# Radiator replacement 740i



## factorydiecast (Apr 21, 2006)

We just picked up our 2000 740i . I was adjusting the headlamps, under the hood, and noticed some coolant, near the top hose. The car has 78,000 miles , and we were told the next thing to go would be the radiator. As being a car guy , and worked on all my cars, Could this be tackled by myself, and where is the best bet to buy the parts?? Or what is the going rate at a BMW repair shop, and or Dealer??thanks in advance


----------



## M.Wong (Jan 9, 2003)

Mail order from Vaheh at Crevier BMW. He will sell you the hoses, expansion tank/cap too. e-mail: [email protected]

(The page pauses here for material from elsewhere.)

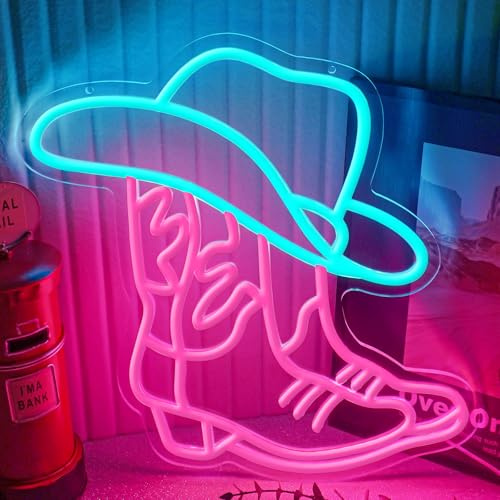 Flixyticy Cowboy Boot&Hat Neon LED Schild für Wanddeko | Leuchtschild für Wohnzimmer Schlafzimmer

Sometimes you just need to replace the nipple on the top driver's side. But if you are on the original radiator and expansion tank at 78K miles, I would just do the whole thing.
Nipple replacement









Link: Radiator replacement

I think people often do the water pump and thermostat at the same time. Link: Radiator, water pump, thermostat replacement info


----------



## factorydiecast (Apr 21, 2006)

Found a local BMW mechanic , will replace the Radiator , expansion tank and new hoses for $575.00 with parts and labor, all oem parts. Is that good ??


----------



## factorydiecast (Apr 21, 2006)

We had a new radiator replaced at 79,000 miles. A month later it split down the side , where the plastic meets the metal. It was a Behr OEM radiator. Our service guy replaced it , and said that he had never seen that before. Has anyone else heard of this happening??


----------



## JT///M3 (Feb 16, 2003)

when you change out the radiator fluid, is using drinking water (purified), the same as using distilled water? I'm a bit confused on this. I thought drinking water (purified bottled water) was the same as distilled.


----------



## ZIGGURAT89 (Oct 7, 2002)

You should use distilled water.


----------